# Suggestions for my water parameters



## killiedave57 (Dec 25, 2014)

Hello:
I am getting ready to set up a 125, and while I have set up smaller tanks,with basic products, I want this one to be a a little more stable or less goofing around trying to keep my parameters more stable.

My well water is generally coming out ph5.8-6.2 low tds and conductivity. pretty close to rain water, but what I am wondering is what would be the best product to use for a substrate that helps with my conditions?

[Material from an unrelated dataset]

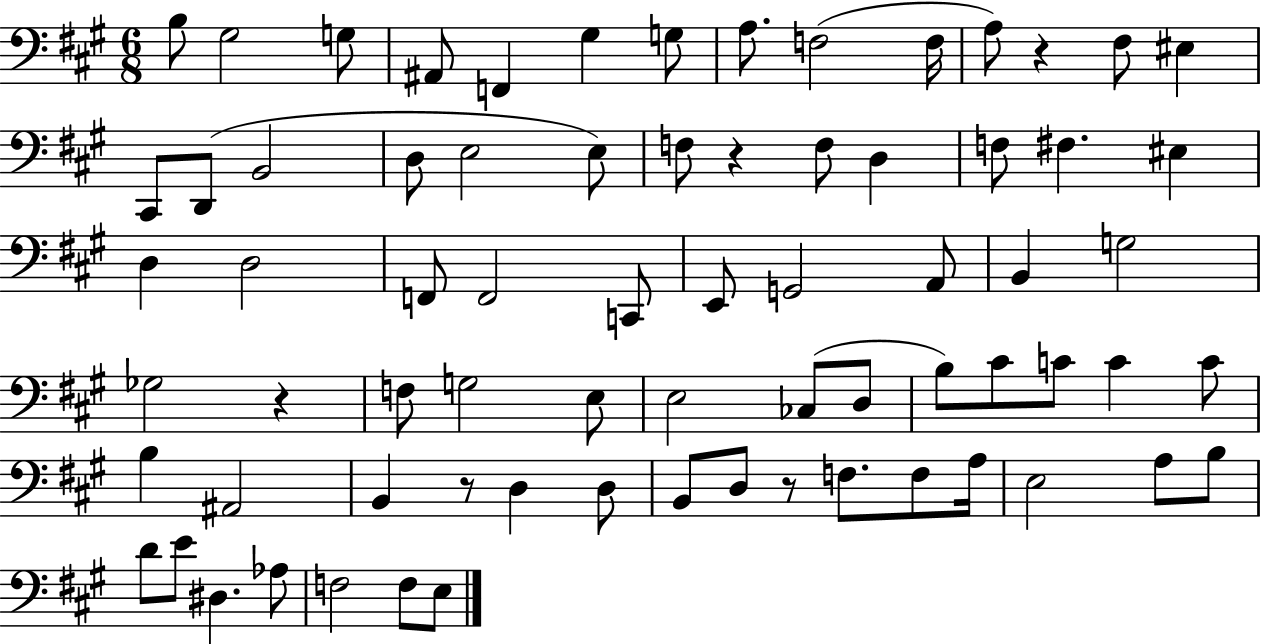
B3/e G#3/h G3/e A#2/e F2/q G#3/q G3/e A3/e. F3/h F3/s A3/e R/q F#3/e EIS3/q C#2/e D2/e B2/h D3/e E3/h E3/e F3/e R/q F3/e D3/q F3/e F#3/q. EIS3/q D3/q D3/h F2/e F2/h C2/e E2/e G2/h A2/e B2/q G3/h Gb3/h R/q F3/e G3/h E3/e E3/h CES3/e D3/e B3/e C#4/e C4/e C4/q C4/e B3/q A#2/h B2/q R/e D3/q D3/e B2/e D3/e R/e F3/e. F3/e A3/s E3/h A3/e B3/e D4/e E4/e D#3/q. Ab3/e F3/h F3/e E3/e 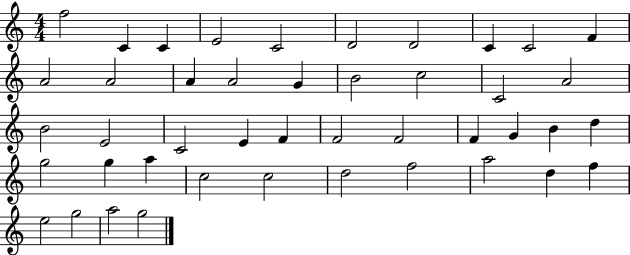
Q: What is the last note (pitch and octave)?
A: G5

I am looking at the ADA Aquasoil, & Power Sand (if I can get it) but is this good or would I be better off using something more obtainable???

thanks for your input
david


----------



## Aquaticz (May 22, 2009)

opinion:

can not go wrong with aqua soil


----------



## killiedave57 (Dec 25, 2014)

So, is there a preferred place to order the Aqua Soil?(keeping in mind I am on the East Coast)
also, I can probably search it (and likely will) is there a calculation for quantity (lbs) for a given tank
thanks


----------



## Bluefin (Oct 29, 2014)

well you should always set the PH of your tank depending on the kinds of fish your gonna have in it not the other way around. if your gonna have african cichlids or discus youll need a high ph tank if your gonna keep south american fishes then youll need low ph or acidic water. your ph is allready acidic adding amazonia aquasoil will lower your ph/kh even more. with water like that i would just use a substrate thats neutral or dose baking soda to raise your kh.but like i saind you first need to decide what species of fish you want and then tailor to that


----------



## killiedave57 (Dec 25, 2014)

No offense Bluefin, but not sure where you buy your discus from......
my experience with discus is that typical conditions for them is soft acidic water.
anyhow,
I am not worrying about fish, I am wanting to have a planted tank....
I have plenty of fish tanks (about 50)
fish for this tank will be secondary.
my questions were directed to whether product like aquasoil are going to be affected by my well water.
thanks for the interest though


----------



## Bluefin (Oct 29, 2014)

my mistake on the discus


----------